Loretta stepped up on the other side of Janet. “She has some things to say to you,” she said. “Right?” She too glanced at Janet, who seemed to have been struck with stage fright.

“I heard you the first time,” he said sourly, and when Janet still didn’t speak, said, “I don’t have time for this. Just leave. I’ll deal with you later. This is my office, not a place for field trips.”

But instead of leaving, Janet stepped toward his desk, breaking free of Mitzi’s and Loretta’s arms.

“No,” she said, her voice tiny, then again, louder. “No. I’m not going anywhere. Until . . . until you hear me out.”

This time Rodney put down his pen and folded his hands on top of his desk. “This ought to be good,” he said. “Please, do tell me everything that’s on your mind.”

Janet glanced over her shoulder at Jean, who gave her a nod. “First of all, I don’t like the way you talk to me. You’re mean and you yell for no reason and I’m a good employee.”

“Pacifiers are in aisle two,” Rodney said, oh-so-sympathetically.

“Shut it, chrome dome,” Dorothy said. She linked elbows with Loretta. Bailey stepped up and linked Loretta’s other elbow.

“Hey, now, you have no right to come in here and—”

“And number two, I don’t like it when you call me names. Rotunda, Frieda Fatty-pants, Large Marge. Those are harassing names, and I could sue you.”

He held out his hands. “Whoa, whoa, whoa. Nobody’s talking about lawsuits here.”

“I’m a lawyer and I’m telling you right now, she could sue your bald little balls off,” May said, stepping up and linking elbows with Dorothy and Mitzi, and even though it was a lie—May was a librarian, and they hadn’t said the word
lawsuit
even once before coming today—it was a very, very convincing lie. “So you’d better stop talking and start listening.”

“Third, if you yell at me in front of a customer one more time . . . ,” Janet said, and then she faltered, seemingly unsure how to finish the threat.

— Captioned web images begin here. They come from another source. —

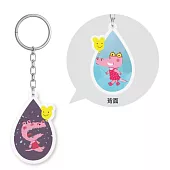 愛哭公主壓克力鑰匙圈吊飾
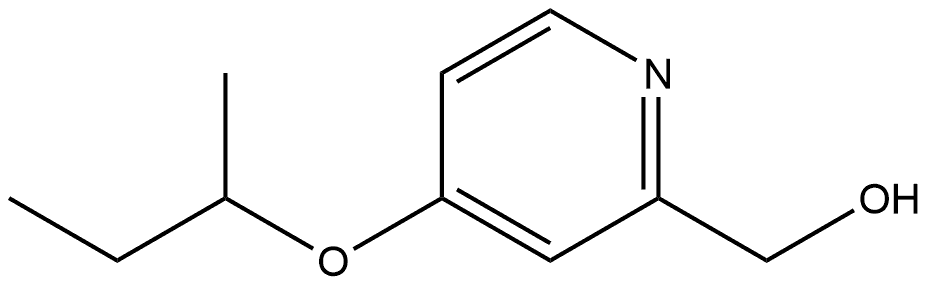 4-(1-Methylpropoxy)-2-pyridinemethanol Structure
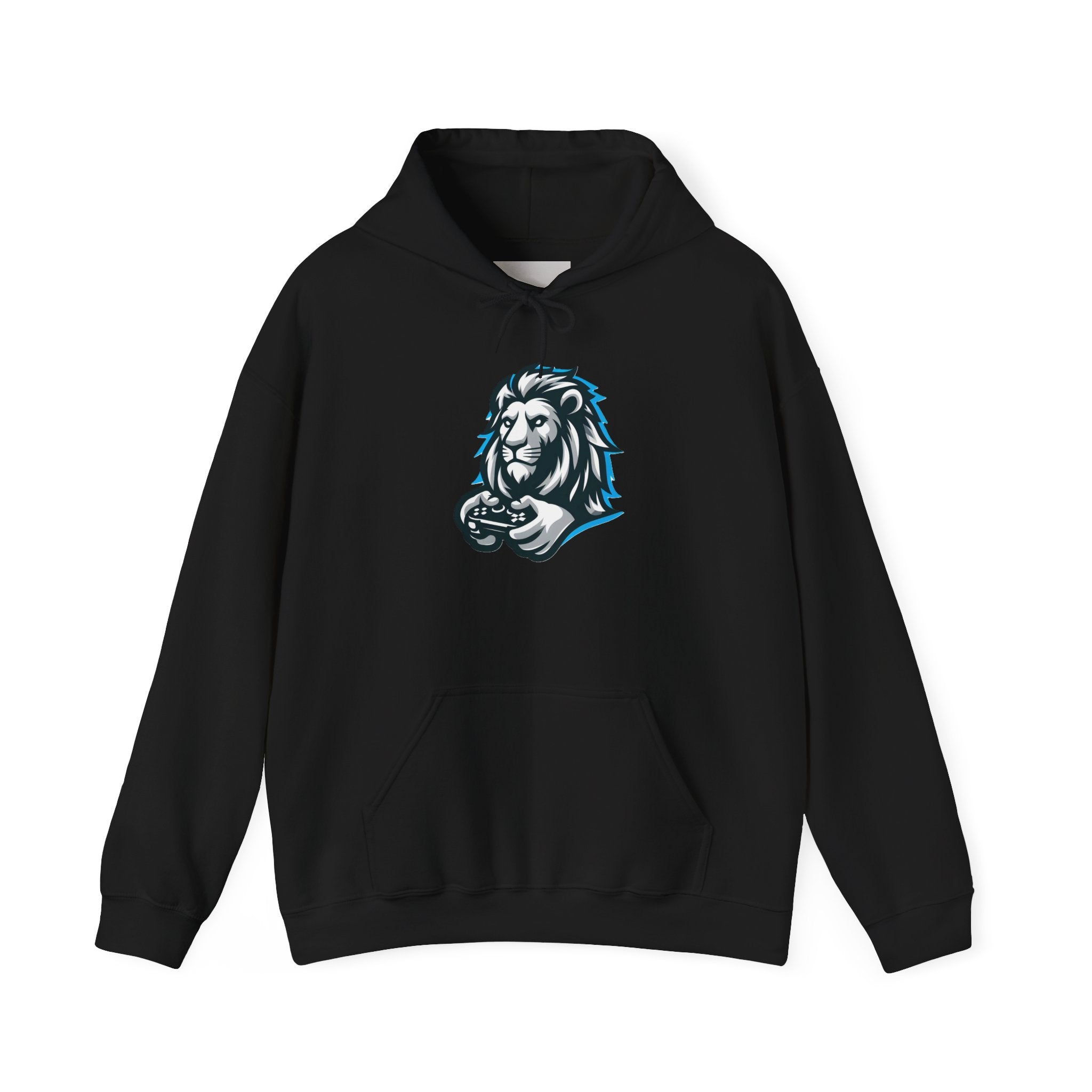 Lion Gamer Hoodie — Retro Gaming Lion Graphic Sweatshirt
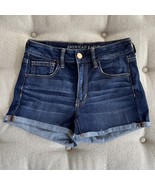 American Eagle Jean Shorts Women&#39;s 6 Hi-Rise Shortie Cutoff Stretch Blue... - €15,44 EUR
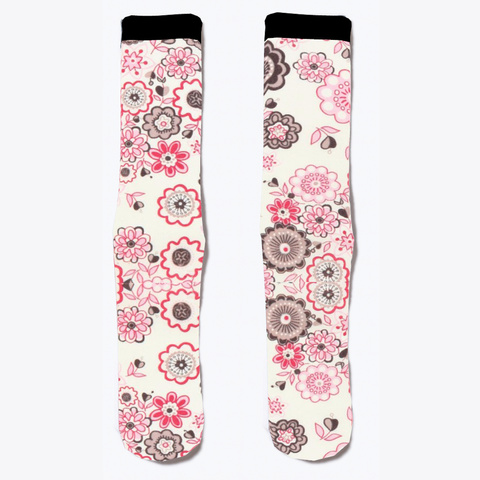 Flowers Lover Socks  Standard Maglietta Front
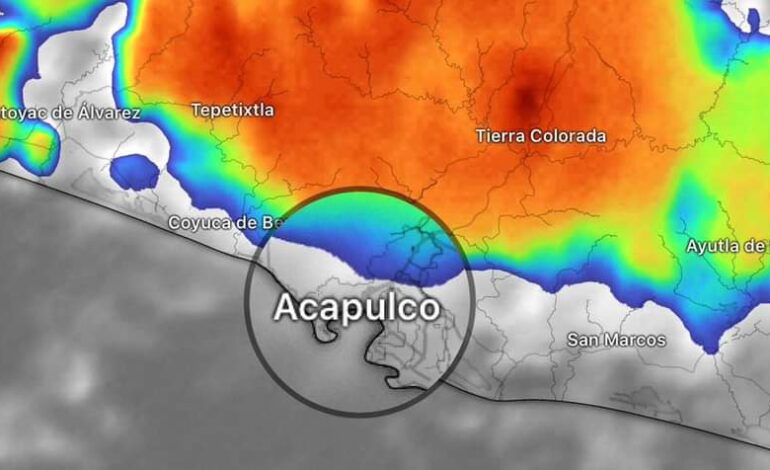 Informa Abelina López Rodríguez pronóstico de lluvias para Acapulco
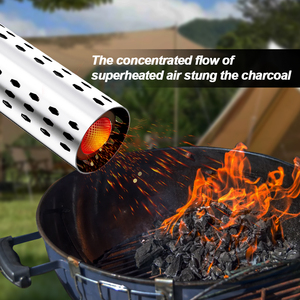 Encendedor de carbón eléctrico Vertak de 2000W con cable de electro antorcha de aire caliente sin químicos con soplador incorporado - Product Image 5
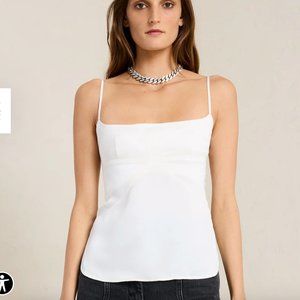 A.L.C. Harlow Top Off White Medium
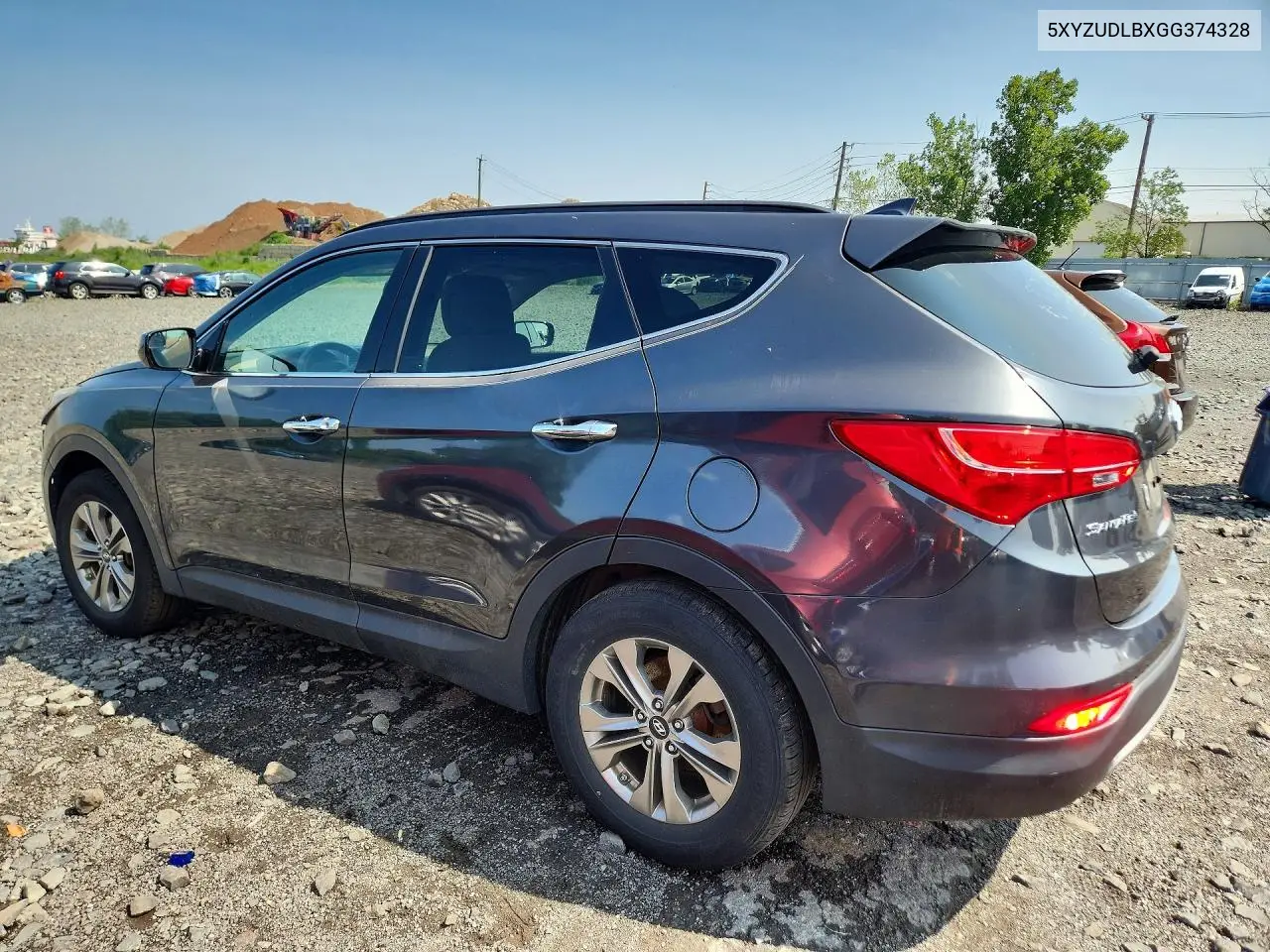2016 Hyundai Santa Fe Sport 2.4L VIN: 5XYZUDLBXGG374328 Lot: 61344026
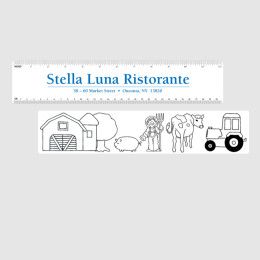 Custom Ruler, Coloring with Farm Pictures Custom Ruler, Coloring with Farm Pictures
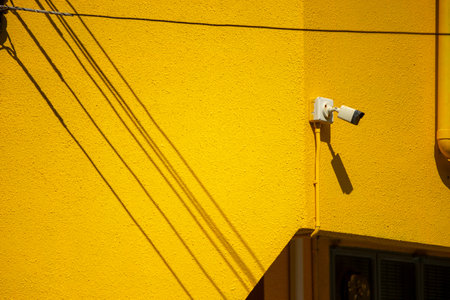 A stock photo of a CCTV (Closed Circuit Television) typically features an image or illustration related to surveillance, security, or monitoring systems. This type of image could includeの写真素材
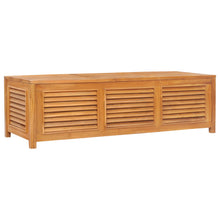 Teak Wood Manhattan Pool and Deck Storage Cushion Box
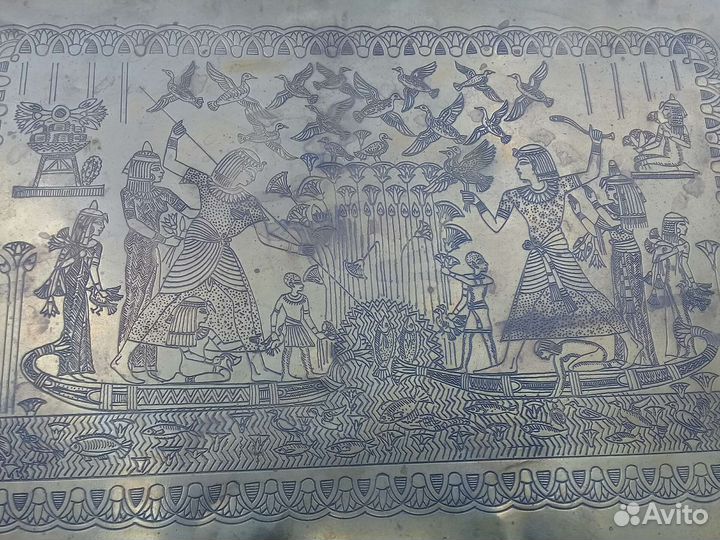 Бронзовый поднос 60 - 70е года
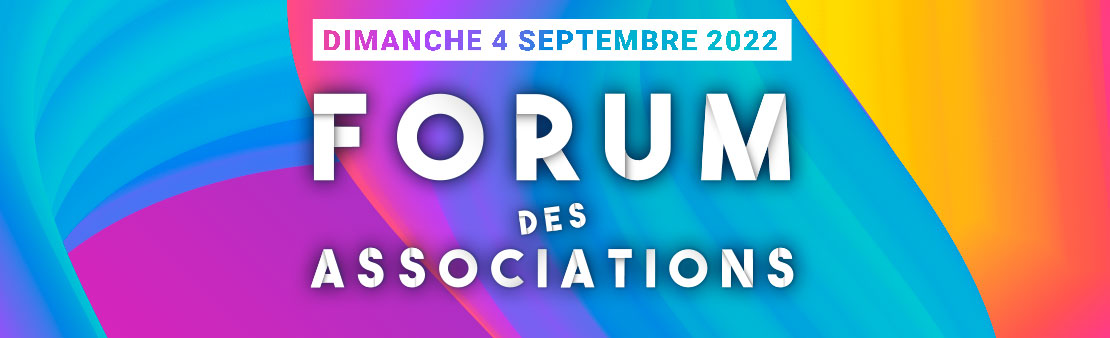 Rendez-vous : tous au Forum des associations le 4 septembre !
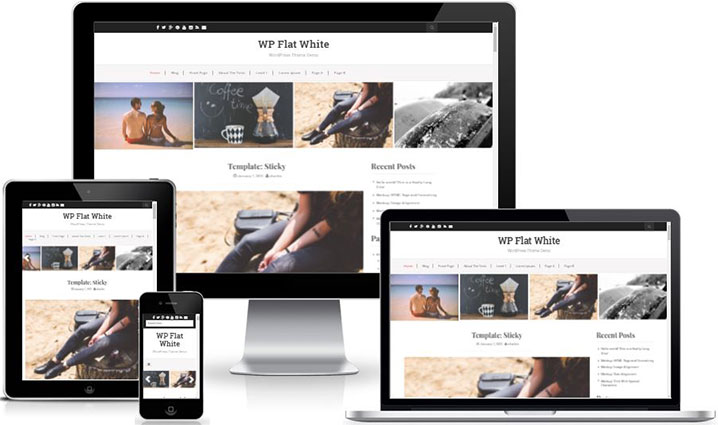 WPFlatWhite - Free WordPress blog theme with flat design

Finally, Jean stepped up and linked her elbow through Bailey’s remaining one. “I will never shop here again. And I will tell everyone I know to stop shopping here too. And, trust me, I know a lot of people.” Jean smiled, satisfied with herself. She’d just sounded exactly like Wayne. Quickly, she glanced up at the ceiling, sure she’d see him smiling down at her from above.

Rodney looked nonplussed. “Are you all done now? Fine. I’ll baby your friend here. But not because I’m scared. Because I’m a nice guy.” He swished his hands at them as if ushering them out of the room. Slowly, they each let go of one another’s arms and turned to leave, shuffling forward a few steps, the whole meeting feeling a little too easy and thus anticlimactic. The way they’d talked at the last meeting, still high from their demolition of Thackeray, Jean had expected . . . more.

But just a step or two short of the door, Janet pulled up. “No,” she said, looking at the ground and bringing her fists together across her body in a double aw-shucks move. She shook her head. “No,” she repeated. She turned, held her head high, and yelled, louder than Jean would have even believed Janet to be capable of. “No, you will not quit because you’re a nice guy. Because you’re not a nice guy. You’re going to quit because I’m bigger than you and I will kick your ass!”

A cheer erupted, Mitzi, Dorothy, and Loretta all pumping their fists. Mitzi and Dorothy patted Janet heartily on the back. Janet smirked, her smile growing wider as it became obvious that Rodney wasn’t going to respond at all to her threat—and, in fact, he did look scared—and they all tumbled out of the office in one rising, laughing, matching-shirt-wearing pile.